London: A British father plunged to his death in the Alps while desperately searching for his 12-year-old son who had been killed in a fall minutes earlier.

Police believe the panic-stricken father, who had been hiking with his son in the snow on Mont Blanc, was on the phone to emergency services asking for help when he lost his footing.

The 48-year-old man managed to tell rescuers his son had fallen out of sight down a couloir — a deep gully — but communication was cut off before he could give the location.

An attempt to speak to him again is understood to have left rescuers able to hear only his footsteps and laboured breathing as he trudged through the snow in a frantic state on Saturday.

They kept calling back but went straight to answerphone — and it is believed that by then he had plunged into the same gully as his son.

Interpol were later able to contact the man’s wife in Buckingham, Buckinghamshire, and, using a photograph the pair had sent her from the mountain earlier in the day, pinpoint their whereabouts.

Mountain police eventually reached them early on Sunday morning, but both the man and his son were dead.

It appeared the father had tried to save his son alone but had also fallen. Their bodies were found at 7.40am on Sunday, more than 16 hours after the father’s call, during the fourth aerial search.

The son had fallen about 298 metres. The father was discovered about 45 metres above him. They were at an altitude of 1,524 metres on the 4,810-metre mountain.

Police said the pair were wearing normal walking boots on a route rarely dared in winter where crampons and proper climbing gear are essential.

Captain Patrice Ribes of the mountain police said on Sunday in the French ski resort of Chamonix: “We think the man fell while he was on the phone to the police.
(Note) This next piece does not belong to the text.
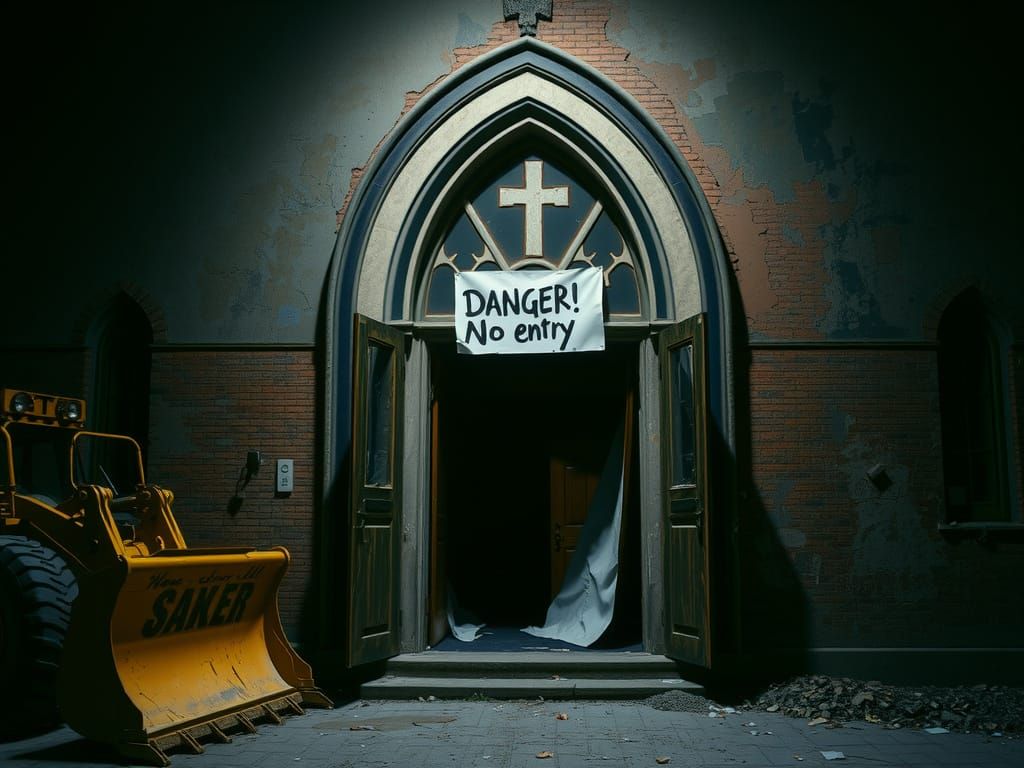 Dilapidated Church Entrance with Danger Sign and Bulldozer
We think he called immediately after his son had fallen and that he fell very shortly after. It all happened very quickly.”

The pair had arrived in the Chamonix valley on Saturday morning. They had hired a car from Geneva and telephone records show the father called his wife in Buckingham at 10am.
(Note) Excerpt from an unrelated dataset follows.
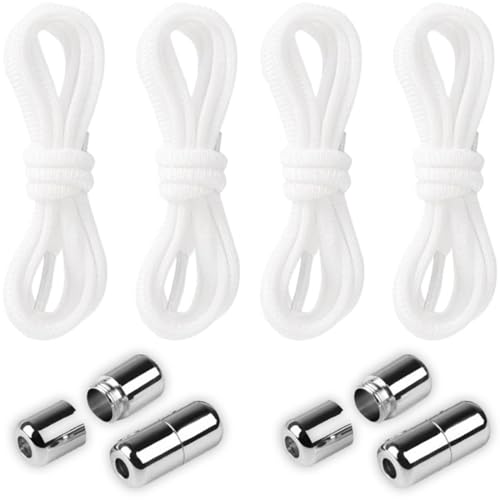 2 Paia No Tie Elastici Stringhe delle Scarpe,Elastici Lacci con Chiusura in Metallo,Larghezza 5mm, Lacci Senza Nodo No Tie Lacci, per Scarpe da Ginnastica,Scarpe da Corsa, Scarpe Casual(105cm)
They had planned to spend the weekend in the resort and had booked, via the internet, the two-star hotel Les Melezes in the nearby town of Les Houches.

According to police the area they had chosen to hike, called La Jonction, at Bossons is a popular summer route rather than suitable for winter or early spring. There are steep escarpments and the path is often covered with snow and ice at this time of the year.
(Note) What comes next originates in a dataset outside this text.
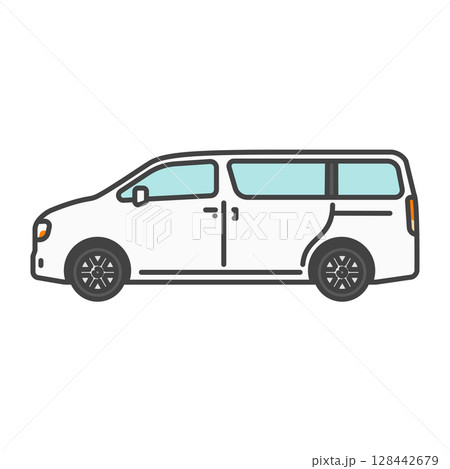 イラスト素材：シンプルな白いファミリー向けミニバン・ファミリーカー 128442679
Captain Ribes said: “It is a dangerous, deep, snowy hike. It is not a route that is chosen much at this time of the year, especially without snowshoes.

“In the winter you cannot see the path, it is hidden by snow.

“The accident is being investigated and it will determine the circumstances of the accident, as well as the level of preparation of the hiker and his experience. The father and son should have had proper mountain equipment — crampons and climbing gear.”

It was just before 3pm on Saturday when the emergency centre in Annecy received the frantic call from the father.

Francis Bianchi, the sub-prefect of Bonneville, said: “The man spoke in English and said he was in Les Bossons in the commune of Les Houches and that his son had fallen. He did not say anything else.

“The call was immediately transferred to the mountain police in Chamonix.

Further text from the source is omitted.